Absicht oder Hoppala? Die umstrittene Wahlkampagne der Wiener ÖVP
Das Team rund um Parteichef Karl Mahrer sorgt für Gesprächsstoff. Die ÖVP Wien stolpert von einem Aufreger zum nächsten.

Manches wirkt wie ein Unfall, manches konzertiert: Die Wiener ÖVP stolpert mit ihrer mehrteiligen Kampagne von einem Aufreger zum nächsten. Die Wahlplakate wurden von den eigenen Funktionären vor der Präsentation an Medien weitergegeben, um eine Veröffentlichung noch zu verhindern. Sprüche wie „Karl statt Kalifat“ (gemeint ist Parteichef Karl Mahrer) oder „Marchetti statt Machete“ (eine Referenz auf Generalsekretär Nico Marchetti) sind darum nur noch auf den geleakten Fotos zu sehen, nicht aber im Stadtbild. Wobei, zum Macheten-Spruch heißt es von der ÖVP, dass dieser "nie zur Debatte" gestanden sei und Marchetti ja auch gar nicht kandidiere.  

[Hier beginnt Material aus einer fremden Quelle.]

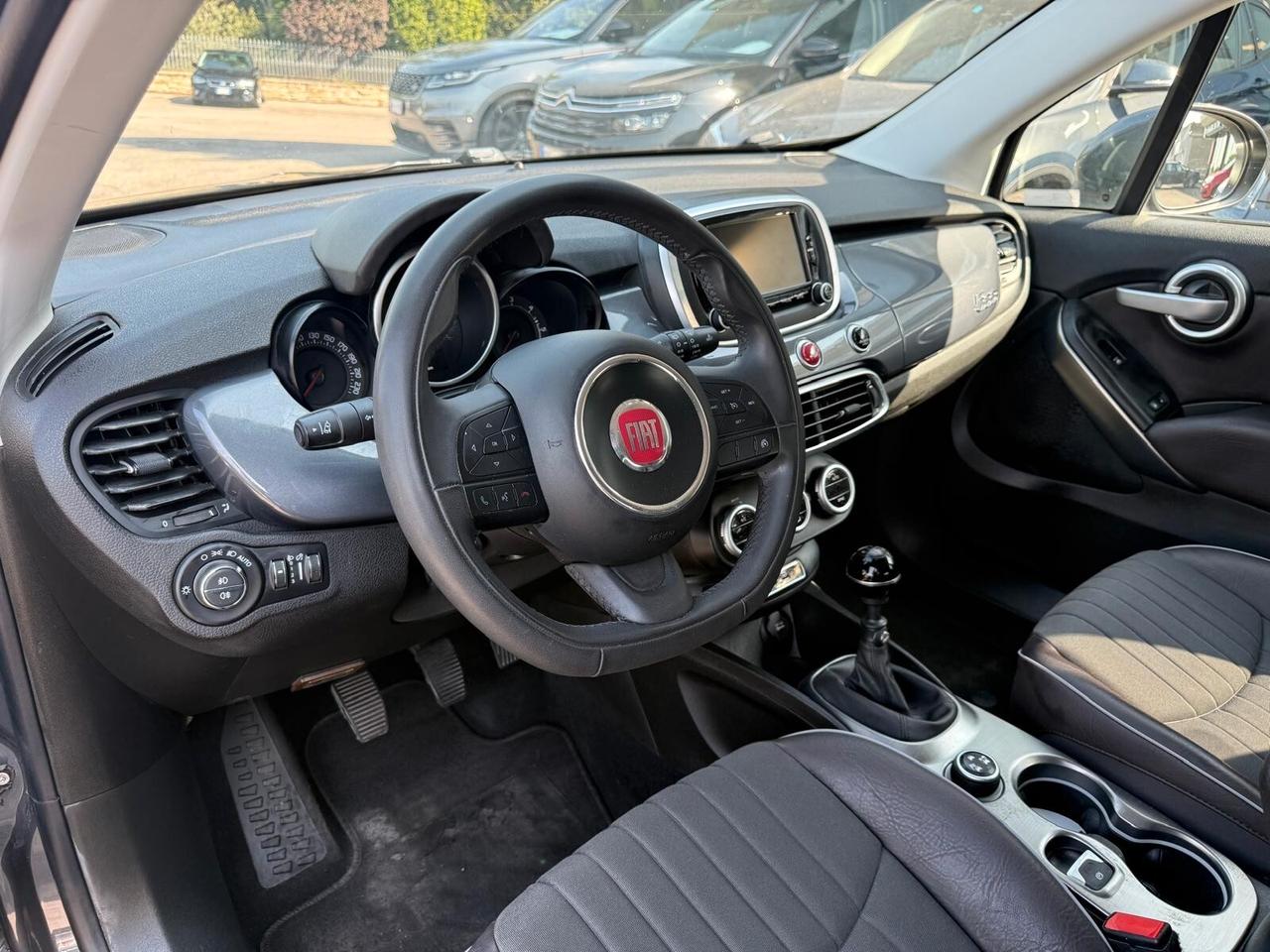 Fiat 500X 1.6 MultiJet 120 CV Lounge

Zu finden sind dafür „Bitte pssst“-Plakate, auf denen nicht klar ersichtlich ist, von wem diese stammen. Darauf unter anderem zu lesen „Bitte denken sie nicht daran, eine andere Partei als die SPÖ zu wählen“. 

Als klar wird, dass sie von der ÖVP stammen, postet Landesgeschäftsführer Peter Sverak über die eigene Kampagne auf der Social-Media-Plattform X: „Wann hört die ÖVP Wien endlich auf mit dem Bitte, pssst“ – später wird er das als „paradoxe Intervention“ bezeichnen. Kurz danach landet Sverak in einem Beitrag der Satire-Sendung Willkommen Österreich, nach einem leicht skurrilen Auftritt auf einer Pressekonferenz, bei der er eine Weltneuheit ankündigte: einen Folder mit Spitzenkandidat Mahrer am Cover.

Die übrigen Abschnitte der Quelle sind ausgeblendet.